• **DATA FOR THE TASK**:

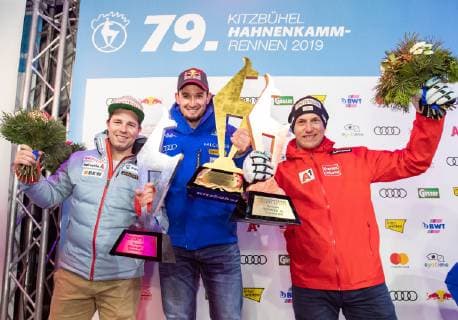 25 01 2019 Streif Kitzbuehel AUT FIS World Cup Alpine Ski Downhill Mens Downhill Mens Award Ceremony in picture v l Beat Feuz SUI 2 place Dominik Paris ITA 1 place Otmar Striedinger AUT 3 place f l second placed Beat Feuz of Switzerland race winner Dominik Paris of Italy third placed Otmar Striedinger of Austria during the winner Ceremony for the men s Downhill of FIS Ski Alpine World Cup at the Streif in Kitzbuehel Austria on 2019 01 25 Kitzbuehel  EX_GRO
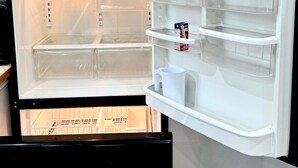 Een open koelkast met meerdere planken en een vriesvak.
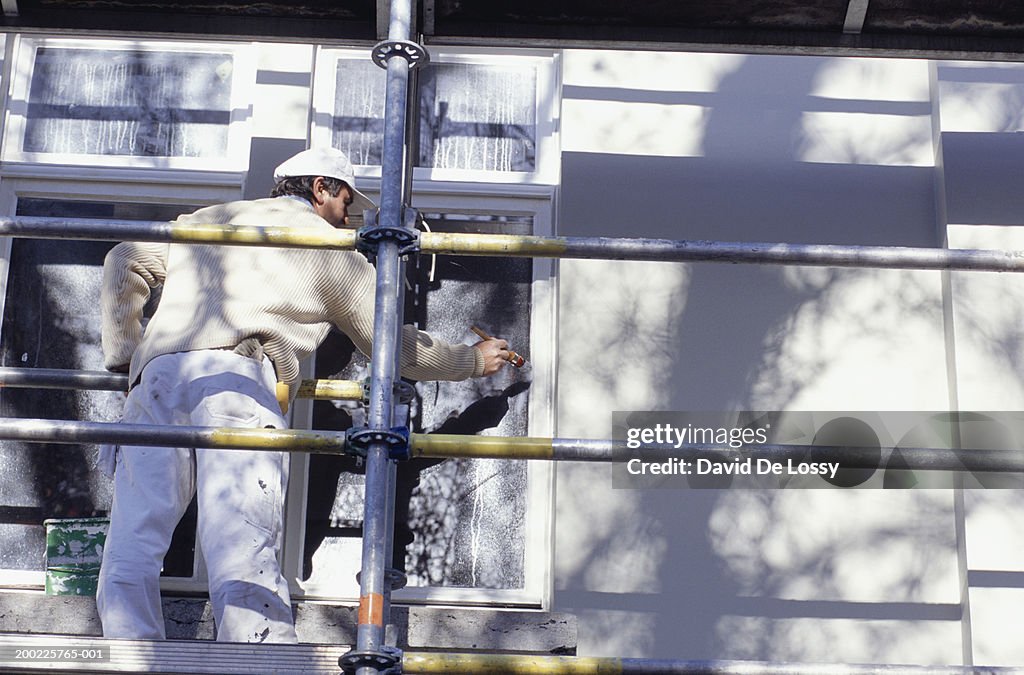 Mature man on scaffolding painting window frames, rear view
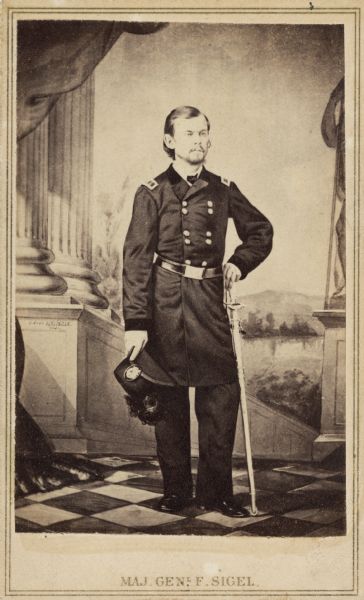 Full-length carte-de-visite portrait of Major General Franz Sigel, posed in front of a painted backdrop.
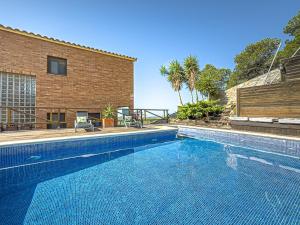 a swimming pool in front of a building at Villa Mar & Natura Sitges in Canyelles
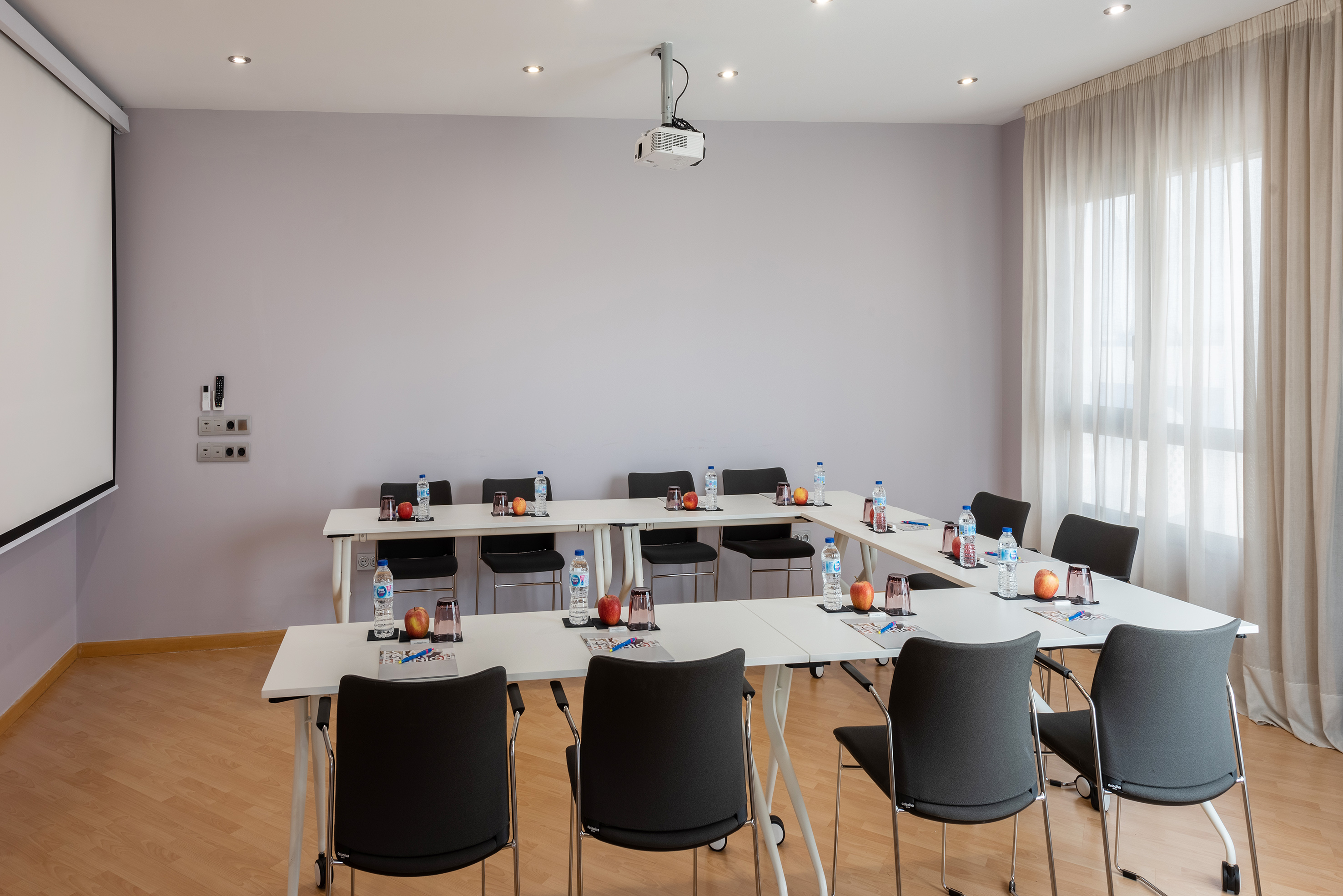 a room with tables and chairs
--
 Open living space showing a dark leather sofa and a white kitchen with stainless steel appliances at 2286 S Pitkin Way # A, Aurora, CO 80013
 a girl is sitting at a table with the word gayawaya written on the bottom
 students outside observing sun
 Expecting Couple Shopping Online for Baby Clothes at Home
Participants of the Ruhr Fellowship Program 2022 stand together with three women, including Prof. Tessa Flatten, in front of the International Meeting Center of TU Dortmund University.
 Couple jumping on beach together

• **TASK TO COMPLETE**:
The answer is the lines above from the one with "Een open koelkast" to the one with "a room with tables and chairs", set down exactly, with no pictures.

• **SOLUTION TO THIS TASK**:
 Een open koelkast met meerdere planken en een vriesvak.
 Mature man on scaffolding painting window frames, rear view
 Full-length carte-de-visite portrait of Major General Franz Sigel, posed in front of a painted backdrop.
 a swimming pool in front of a building at Villa Mar & Natura Sitges in Canyelles
 a room with tables and chairs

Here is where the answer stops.